杉山 『スパイダーマン』って「小僧なヒーロー」というイメージがあるから、役者を代えていかざるを得ないんですね。

菅家 高校生ですからね。

杉山 前の『アメイジング・スパイダーマン』(2012年)のアンドリュー・ガーフィールドって嵐の二宮君と同い年ぐらいなんです。その前の『スパイダーマン』シリーズ(2002年〜)のトビー・マグワイアに至っては伊藤英明君と同い年で、さすがにあの2人にもう高校生は無理です(笑)。

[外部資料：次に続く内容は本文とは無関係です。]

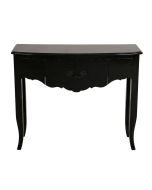 Console noire 3 tiroirs en épicéa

園田 『アメイジング・スパイダーマン』って、なんかウエットな感じがしませんか。主人公がくよくよ悩んで。こちらは爽快感を求めているのに何を悩んでいるのかと。

杉山 トビー・マグワイアのスパイダーマンって典型的ないじめられっ子で、のび太君みたいな子なんだけど、アンドリューって、今風の若者の悩みですよね。

フェイスブックのマーク・ザッカーバーグみたいな子が悩んでいることにフォーカスしているスパイダーマンらしい。だからちょっと七面倒くさい。

園田 リアルすぎてしまって。

菅家 最近のトム・ホランドのスパイダーマン(『スパイダーマン・ホームカミング』、2017年)のミレニアル感はよかったですね。アイアンマンにミッションに呼ばれて、キャプテン・アメリカのシールドを取ったりするのを携帯でずっと撮っている。「イエーイ!」みたいな感じ。ああいう軽さは私はすごく好きで、新しいキャラクターだなと思いました。

園田 コミックに一番近いのかなと思いましたけど。

杉山 近いですね。トム・ホランド版って、ほかにヒーローがいる世界で、小僧なヒーローがなんとかしなきゃ、という焦りがあるわけです。『ジャスティス・リーグ』のフラッシュも結構おどおどしていてよかったですね。

菅家 そうですね。私はもっと女性に出てきてほしいなといつも思っているんです。『シビル・ウォー』のときも8割方男性みたいな感じがする。今度の『キャプテン・マーベル』(2019年公開予定)が女性ですが、あとはマーベルもブラック・ウィドウとスカーレット・ウィッチぐらいしか女性がいない。もっと強くてかっこいい女性キャラが出てきてくれたら嬉しいなと思います。

方向性としてはだんだん人種の面でもダイバーシティ的になっていっているとは思うのですが。

地球を守るか、地元を守るか

杉山 アメリカって国が若いから、ヤマトタケルとか、アーサー王伝説みたいな民族的な英雄物語がないんですね。だから、そういうものを潜在的に欲しがる。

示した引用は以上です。